III Symfonia, jak przystało na wielkie dzieło muzyki poważnej, doczekała się wielu nagrań. Z początku zastanawiałem się, po które z nich sięgnąć, lecz zachwycony wybornym zinterpretowaniem II Symfonii Góreckiego przez Antoniego Wita, postanowiłem obdarzyć kredytem zaufania tego dyrygenta także przy „trójce”. Nie zawiodłem się. Sopran Zofii Kilanowicz jest doprawdy pasjonujący, a gęsty kanon smyczków z pierwszej części pod batutą Wita brzmi obłędnie, jest w nim jakaś obsesyjność, ale i ogromne pokłady emocji i medytacji. Kolejnym plusem tego wydawnictwa jest jego stosunkowo dobra dostępność, a także bonus w postaci nowego nagrania Trzech utworów w dawnych stylu Góreckiego, około 10-minutowej kompozycji z początku lat 60., która odznacza się względnie chwytliwą melodyką.

Nie będę oryginalny – Symfonia pieśni żałosnych Henryka Mikołaj Góreckiego to partytura wiekopomna i historyczna.

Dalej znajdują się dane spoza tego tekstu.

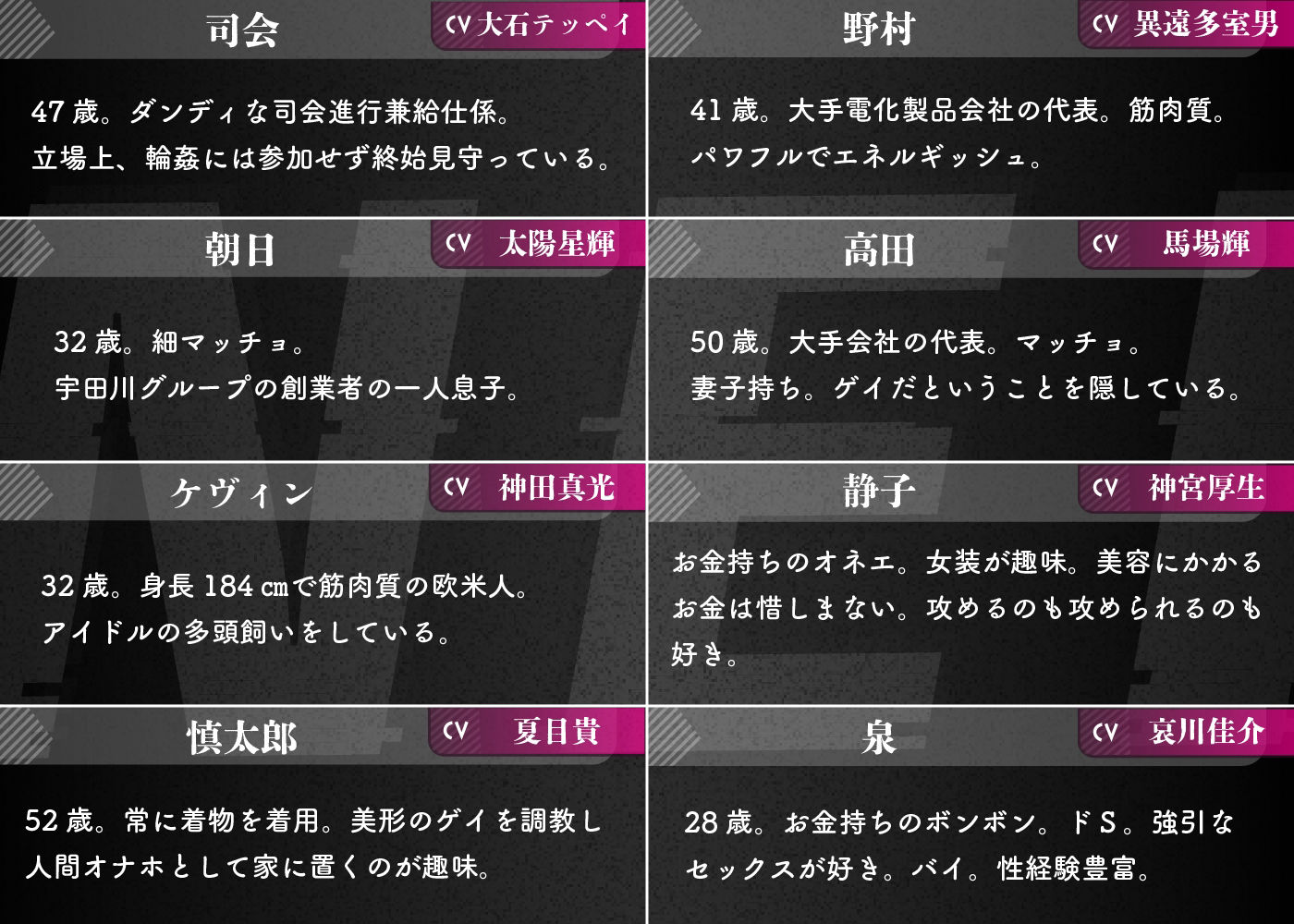 ネイ・新星俳優君が貪り尽くされる！輪●性接待パーティー【モブボイスあり/輪●陵●】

Wydaje mi się, że w kontekście powyższych rozważań słowa te mają istotne znaczenie, bo chyba nic tak nie unieśmiertelnia utworu muzycznego, jak właśnie to, gdy staje się on źródłem weny dla kolejnych pokoleń twórców, gdy przenika do innych form sztuki, min. właśnie do świata filmu. Kompozycja Polaka to jednak także cudowne dzieło autonomiczne, dostarczające wprost niesamowitych wrażeń słuchowych. Gorąco zachęcam do kontemplacji z tą niezwykłą muzyką.